I am committed to going every day, though, first thing in the morning before I do anything else. I know myself well enough to know that if I get involved in another activity, I will put off the walking and either 1) not do it at all that day and end up feeling like a lazy slug, or 2) succumb to the guilt trip I take myself on and go later in the day when it’s hotter and much more difficult just to silence the reprimanding voice in my head. I also like the idea of getting it done and out of the way so that for the rest of the day, no matter what I do or don’t do, I have taken care of my need to deliberately move.

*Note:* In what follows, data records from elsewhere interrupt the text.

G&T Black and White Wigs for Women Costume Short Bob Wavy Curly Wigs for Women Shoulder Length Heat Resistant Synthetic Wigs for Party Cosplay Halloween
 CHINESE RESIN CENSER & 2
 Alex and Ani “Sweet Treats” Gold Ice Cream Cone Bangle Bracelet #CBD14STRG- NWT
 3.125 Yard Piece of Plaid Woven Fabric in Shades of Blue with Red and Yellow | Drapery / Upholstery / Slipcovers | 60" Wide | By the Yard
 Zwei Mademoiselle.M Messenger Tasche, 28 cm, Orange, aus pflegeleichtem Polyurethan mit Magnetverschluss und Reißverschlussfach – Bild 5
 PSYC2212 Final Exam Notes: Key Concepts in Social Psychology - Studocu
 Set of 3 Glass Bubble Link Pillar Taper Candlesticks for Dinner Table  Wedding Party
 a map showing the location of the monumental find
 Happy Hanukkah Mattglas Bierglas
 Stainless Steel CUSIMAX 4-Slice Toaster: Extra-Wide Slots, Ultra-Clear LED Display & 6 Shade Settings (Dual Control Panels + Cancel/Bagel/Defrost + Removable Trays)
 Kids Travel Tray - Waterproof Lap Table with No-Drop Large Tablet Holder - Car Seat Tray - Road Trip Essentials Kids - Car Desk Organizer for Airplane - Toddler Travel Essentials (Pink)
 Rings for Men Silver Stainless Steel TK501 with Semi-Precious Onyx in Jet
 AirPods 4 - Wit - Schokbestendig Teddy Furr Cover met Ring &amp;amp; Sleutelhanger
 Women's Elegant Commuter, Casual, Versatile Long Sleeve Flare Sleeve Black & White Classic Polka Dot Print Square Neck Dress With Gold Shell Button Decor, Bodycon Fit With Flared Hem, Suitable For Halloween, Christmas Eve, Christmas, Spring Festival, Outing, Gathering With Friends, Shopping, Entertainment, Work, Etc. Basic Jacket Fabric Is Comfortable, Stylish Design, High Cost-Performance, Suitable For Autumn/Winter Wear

I’ve been watching my runner daughter find all kinds of colourful and useful clothing and gear and I’ve been almost jealous because just seeing all the cool stuff makes me want to be one of these people who actually needs it! I’ve always wondered why companies make clothes for plus sized women in neon colors that scream “look over here at this bulging roll!” Like, don’t they realize that we already draw enough attention, especially when we are MOVING?
When I started walking I decided I would be frugal and just wear comfy clothing, which works perfectly fine for the walking part. But as it got warmer and I got more committed, I decided I needed something cooler, like maybe a tank top (I never wear one of these in public so it was a stretch, but sure made a difference in staying cool!) and some sporty capris. I dared to try wearing such far out items and I have to say that just having some simple stuff that makes you look and feel more appropriately dressed for whatever your exercise of choice is, does make it more tolerable, more comfortable, and more fun. I can’t do the cute shoes – I have fallen arches, a bunion, and uneven legs so the left shoe of any pair I buy always needs to be built up by a shoemaker. But thankfully, even my SAS shoes come in a comfy running shoe that included a set of rainbow laces should I ever feel the need to draw attention away from my body and down to my feet.
Don’t be looking for me out there, it isn’t pretty. And I’m not posting any pictures of me all decked out and ready to face the task. But if you see an overweight middle aged woman hoofing it around town with headphones in, look past the bright coloured tank top with the flabby jiggles and know that at least she’s trying. We all have to start somewhere!
What new activity have you started recently?